Aug 24,2015 - Last updated at Aug 24,2015

When Julian Bond died last week, every major news outlet featured tributes praising his more than five decades of leadership in the struggle for civil rights.

He was all the things that were said about him. He was courageous and visionary, a steady hand and a thoughtful strategist, and a tireless and eloquent voice for justice for all who were denied their rights.

But for me, Bond was more. He was a mentor who more than four decades ago taught me a lesson that has guided my work ever since.

I told the story before of my first meeting with Bond back in 1973. But because I believe it remains so very relevant, I want to share Julian’s lesson one more time.

The story begins at the 1968 Democratic Convention in Chicago, IL. In the months preceding the convention, the country had been shaken by a series of traumatic developments. Martin Luther King, Jr. had been assassinated in April. Three popular anti-war Senators (Eugene McCarthy, Robert Kennedy and George McGovern) were running strong campaigns against then-president Lyndon Johnson — opposing his Vietnam War policy. Their combined successes ultimately forced Johnson to announce that he would withdraw from the contest. And then, in early June, Kennedy was assassinated.

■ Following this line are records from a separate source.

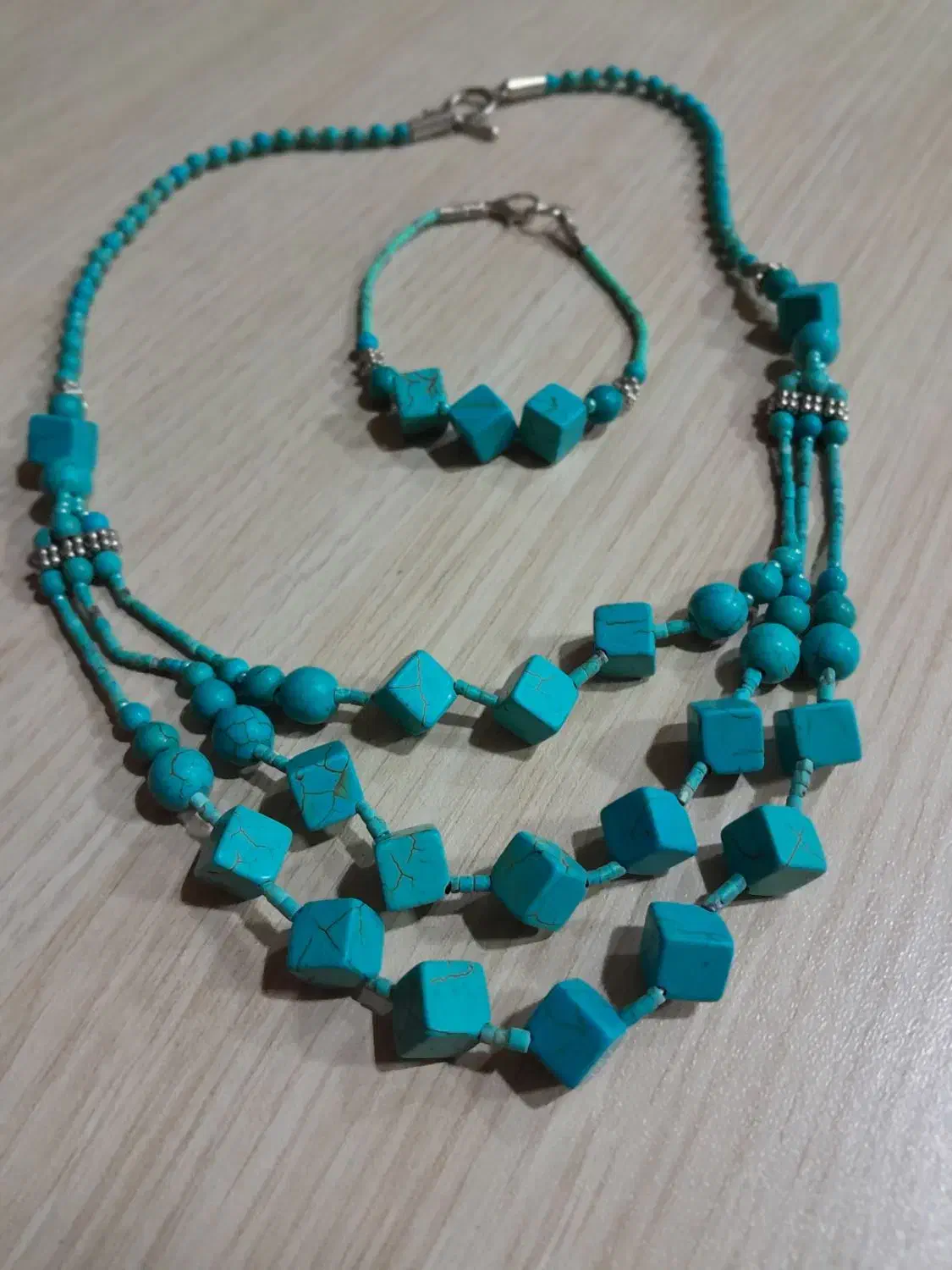 نیم ست سنگ فیروزه|جواهرات|تبریز, |دیوار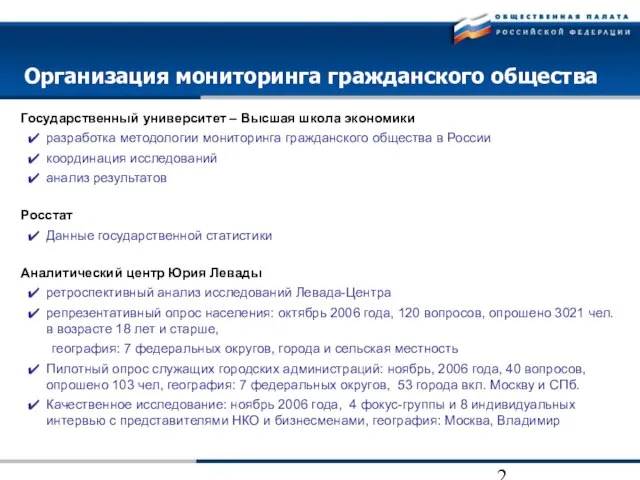 Организация мониторинга гражданского общества Государственный университет – Высшая школа экономики разработка методологии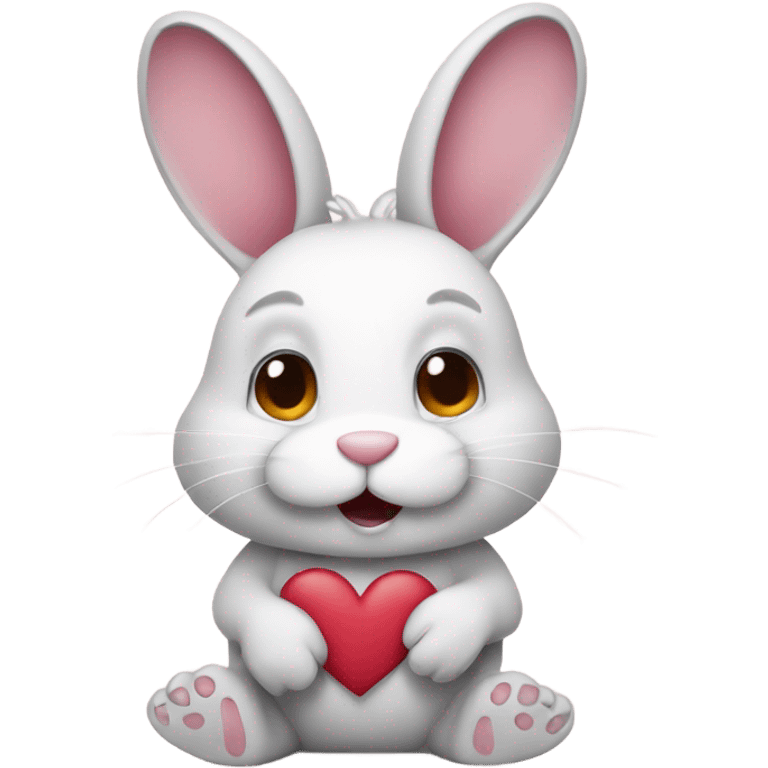 bunny showing a heart with its paws emoji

When Democrats gathered in Chicago, in August, they were still reeling from the shock of these events. The convention itself was a tumultuous affair that brought together all of the conflicting currents of the period.

Outside the convention site there were massive demonstrations against the war in Vietnam, coupled with substantial gatherings of “counter-culture” activists.

At one point, the demonstrators were confronted by a shameful display of police/military force. A battle ensued. There were tanks in the streets, beatings and tear-gassing of protesters who chanted “the whole world is watching” because what was playing out in the streets of Chicago was reminiscent of scenes of uprising and repression that had occurred behind “the Iron Curtain”.

These same currents played out inside the convention hall. As the proceedings began, there was a battle over which delegation should receive credentials to represent the state of Georgia — an all-white group or a mixed-race delegation that included Julian Bond. There was some drama, but in the end, the integrated slate won the right to be seated.

Then came a platform fight over a plank to oppose the war in Vietnam. It became as heated as the demonstrations outside. The anti-war plank was defeated, but in a last-ditch effort to continue their protest, party progressives decided to contest the party regulars’ handpicked choice for vice-president, senator Ed Muskie.

They nominated Bond as their candidate to run on the ticket with the party’s presidential nominee, Hubert Humphrey. 

Humphrey, who, as a senator, had a sterling record in civil rights and labour rights, had served as Johnson’s vice-president and was, therefore, viewed with suspicion by anti-war Democrats.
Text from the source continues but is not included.